ASC spheroids with different cell numbers were generated using a micro-mold system facilitating large-scale production. Spheroids composed of 2500 cells (diameter 220 µm) were suspended in a hydrogel solution consisting of thiol-functionalized hyaluronic acid and allyl-modified polyglycidol for UV crosslinking. The addition of 1 wt.% unmodified high molecular weight HA (hmHA) increased bioink viscosity enabling bioprinting.
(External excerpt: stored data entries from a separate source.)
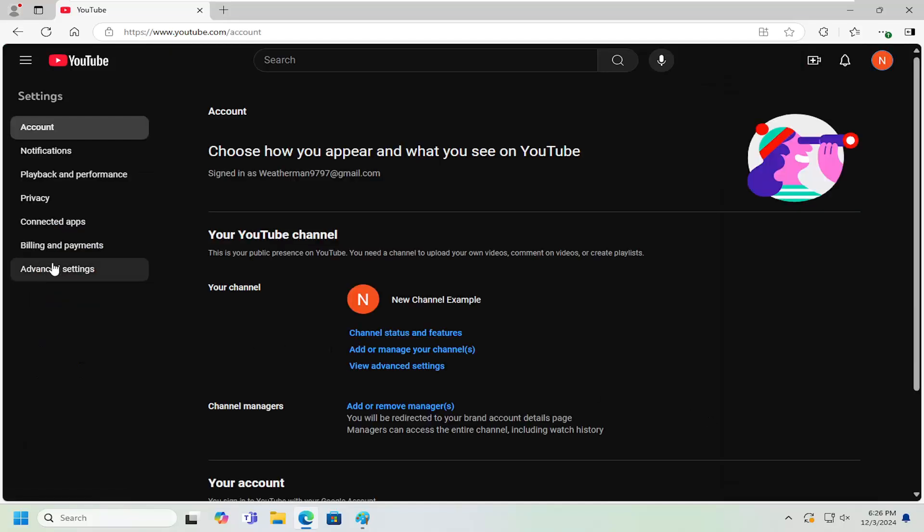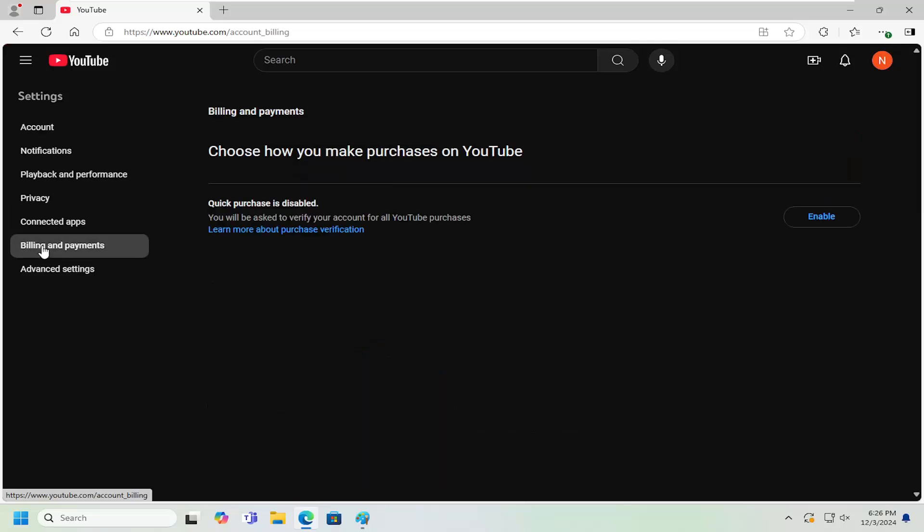On the left side, you want to select where it says Billing and Payments. Then it says 'Quick purchases are disabled. You'll be asked to verify your account for all YouTube purchases.' Go ahead and select the Enable option if you want to turn on quick purchases.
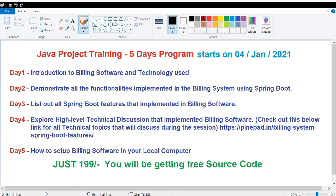Welcome back friends! I'm planning to conduct a five-day Java project training on January 4th, 2021. In this program, I'll explain about the billing software which I have already implemented. I have posted a lot of videos about the billing software on my YouTube channel, and now I'm going to bring it all together as a one-package five-day program.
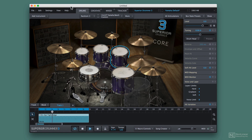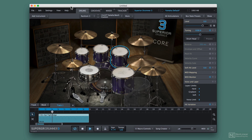We're going to approach this from a production standpoint to talk about how can I get Superior Drummer to make me sound like I used a real drummer. Then we'll jump in and talk about how can I take my drum tracks that I made and take them to the next level, adding effects, mixing, and production to maybe make it sound not real or a little out of this world.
Furthermore, supplementation with hmHA decisively decreased spheroid sedimentation during printing and UV crosslinking resulting in a distinctly more homogeneous spheroid distribution in the final constructs. With regard to printing process parameters, stainless steel precision needles with an inner diameter of 330 μm, and a pressure of 1 bar proved to be most suitable for spheroid printing, as shown by viability and metabolic assays. Adipogenic differentiation of ASC was demonstrated over 21 days in cast and printed constructs, with distinctly higher amounts of synthesized triglycerides and strongly increased mRNA expression (qRT-PCR) of marker genes such as PPARG and aP2, as compared to undifferentiated constructs. Regarding cytokine secretion, also clear differences were detected between supernatants of undifferentiated (e.g., higher IL-6 levels) and differentiated ASC (e.g., higher adiponectin levels). Under favorable processing conditions, with regard to cell viability, differentiation capacity, and secretion behavior, no differences between printed and cast constructs were observed. The study facilitates the future use of multicellular spheroids as building blocks in 3D bioprinting, e.g., ASC spheroids may be utilized in disease model development as an important stromal component in 3D models of breast cancer.